Diego Rivera: El Sueño (La Noche de los Pobres)

5/1/2018


El sueño (La noche de los pobres), or Sleep (The night of the poor), is a part of a series of lithographs created by Diego Rivera that were published in New York by the Weyhe Gallery in 1932. El sueño portrays a group of Mexican campesinos, or rural peasantry, sleeping huddled together for warmth and support. Following the Mexican Revolution, representations of the peasantry were often used as a nationalist symbol to promote the ideal of social equality. In Rivera’s print, women, men, children and a dog sleep soundly. The woman in the top right corner of the work appears to cradle an infant who is wrapped in a shawl and protected from the elements. Her head rests softly on the head of the child next to her. The woman in the foreground supports another sleeping child on her lap. Two men occupy the left side of the picture plane and both sleep with hats shrouding their faces. The soft curves, delicate black-and-white tonal gradation, and the physical intimacy of the figures create a tender scene. Though El sueño is a calm, quiet depiction of people in repose, the limp bodies, hanging heads, closed eyes, and weary expressions also reflect the sorrow and the inequalities experienced by the poor during the period surrounding the Revolution. Perhaps far from home or without one at all, these people appear to be deprived of basic human comforts. Like many of Rivera’s depictions of the Mexican people, this image is tinged with both realism and optimism.
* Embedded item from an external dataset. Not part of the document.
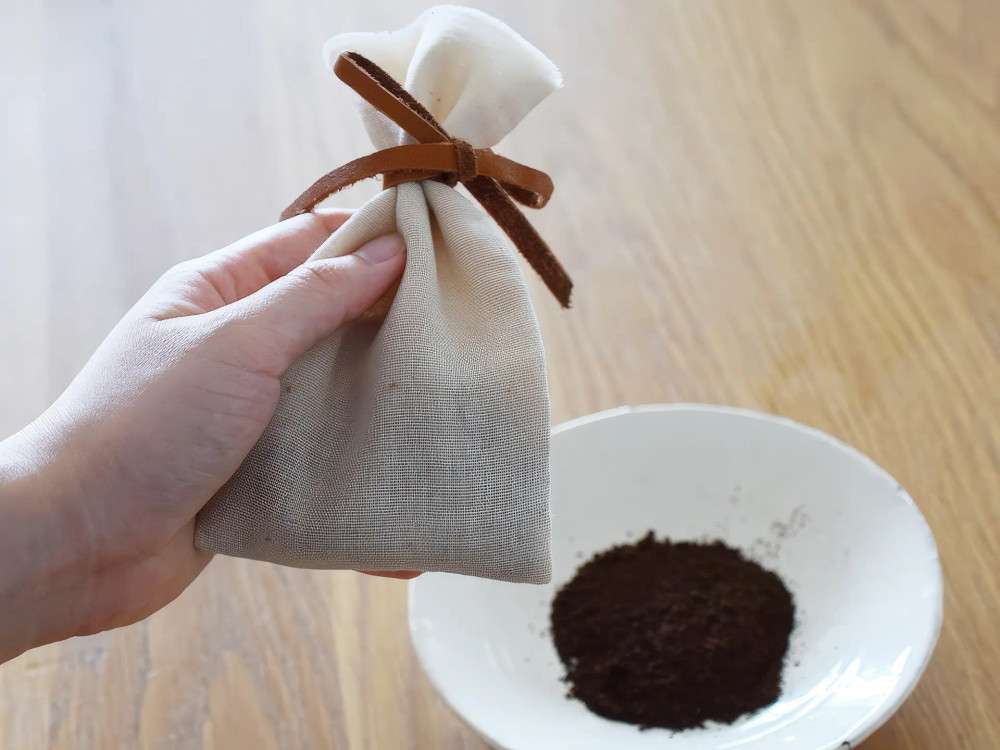 túi thơm vải canvas chứa bã cà phê khô đã buộc dây da, bên cạnh là đĩa đựng bã cà phê, minh họa cách tự làm túi khử mùi bằng bã cà phê để hút ẩm và loại bỏ mùi hôi trong tủ lạnh, giày hoặc xe hơi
In 1931, Rivera traveled to New York City to work on a solo exhibition at the Museum of Modern Art. He created eight portable murals built on moveable plaster panels for the exhibition; these frescoes offered Americans a means to view his murals, many others of which were painted in place and therefore immobile and inaccessible to a wide public. While in New York City, he attracted the attention of Carl Zigrosser, director of the Weyhe Gallery. Zigrosser recognized the growing demand for Rivera’s work in North America and the need for a medium that would allow it to be more easily circulated. He encouraged Rivera to create lithographic prints with the goal of making his work more available to collectors.

Bolstered by Zigrosser’s suggestion, Rivera created El sueño and nine additional lithographs that were published by the Weyhe Gallery. A black-and-white print created with a lithographic crayon, El sueño is a detail from a 1928 fresco that Rivera painted in a courtyard in Mexico City’s Secretaría de Educacion Pública (Ministry of Education). Zigrosser publicized the prints by writing that they “give an idea…of the actual frescoes themselves, both in form and content, and in monumental design.” The original fresco, La noche de los pobres (The night of the poor), complements an adjacent fresco titled La noche de los ricos (The night of the rich). Together, the two murals form a diptych of contrasting social classes. Rivera’s social commentary criticizes the rich by depicting a scene of capitalist opulence alongside a scene of the disenfranchised poor.